__EXERCISE INSTRUCTIONS__
Set out word for word the line that contains "Набор для виски Охота 360/750мл B7HUN2PG" and each line after it, through the end of the data below, but exclude the pictures.

── RECORDS SHOWN ──

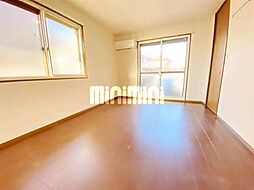 スマートＦII 1階1Kのリビング/ダイニング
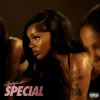 Мұқаба GloRilla - Special GloRilla - Special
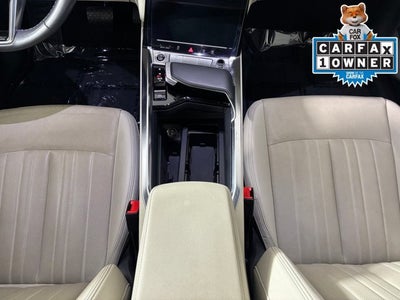 2024 Audi Q8 e-tron Sportback S line Premium Plus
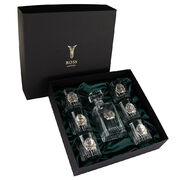 Набор для виски Охота 360/750мл B7HUN2PG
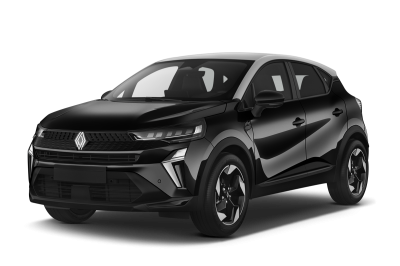 RENAULT Captur II E-Tech full hybrid 160 ch Techno_1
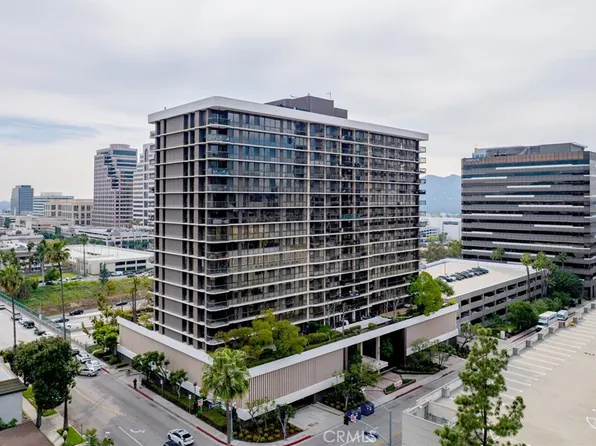 222 Monterey Rd Unit 1603, Glendale, CA 91206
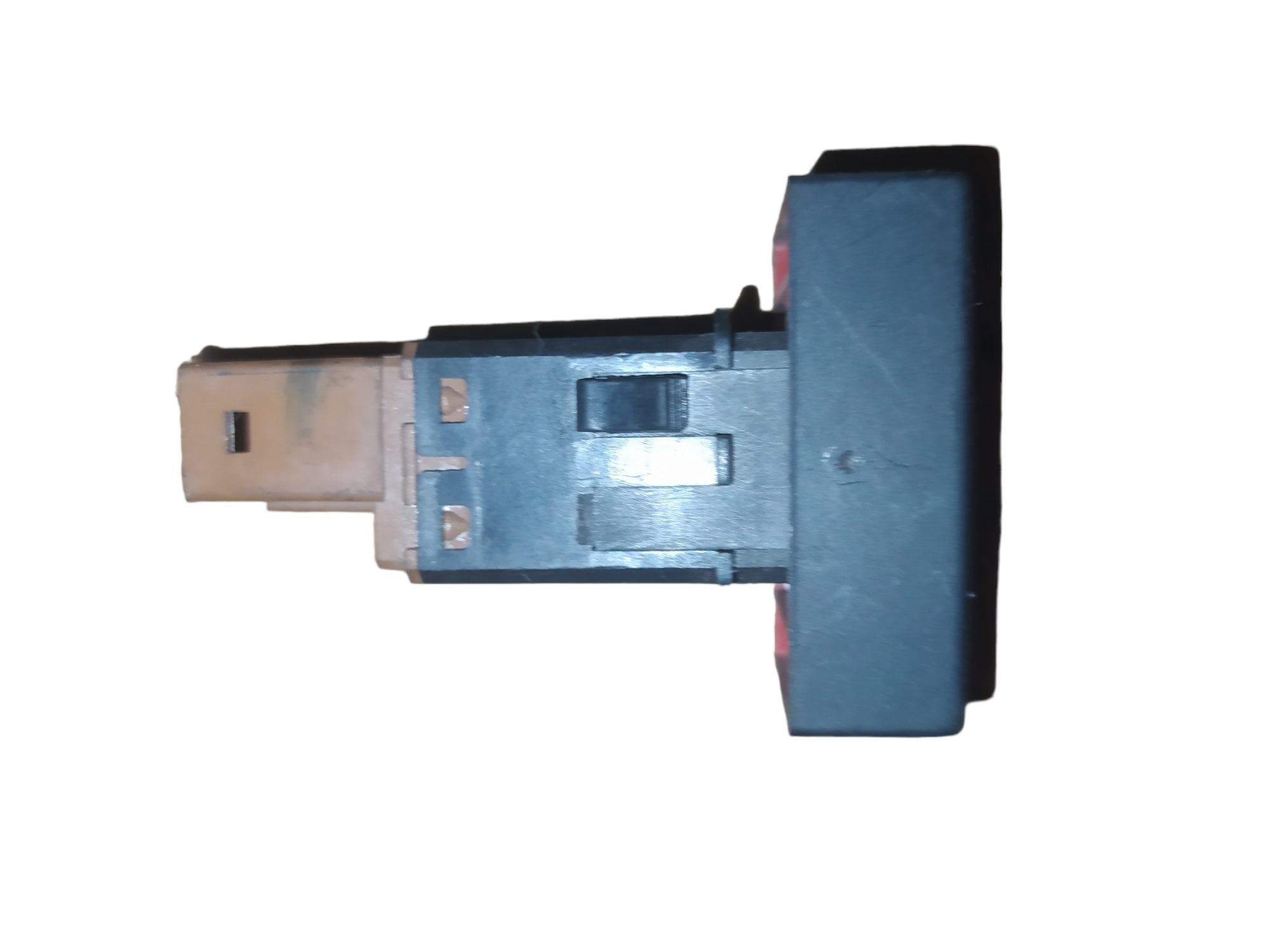 Botão Interruptor Pisca Alerta Citroen C3  2011 A 2015 5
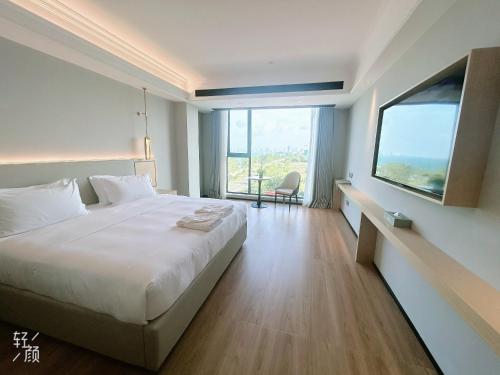 Galería fotográfica de Billions Hotel en Sihanoukville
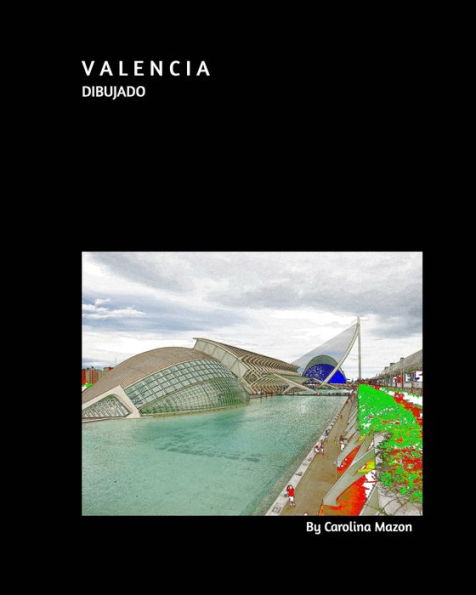 Valencia 20x25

───

__FINISHED TASK__
 Набор для виски Охота 360/750мл B7HUN2PG
 RENAULT Captur II E-Tech full hybrid 160 ch Techno_1
 222 Monterey Rd Unit 1603, Glendale, CA 91206
 Botão Interruptor Pisca Alerta Citroen C3  2011 A 2015 5
 Galería fotográfica de Billions Hotel en Sihanoukville
 Valencia 20x25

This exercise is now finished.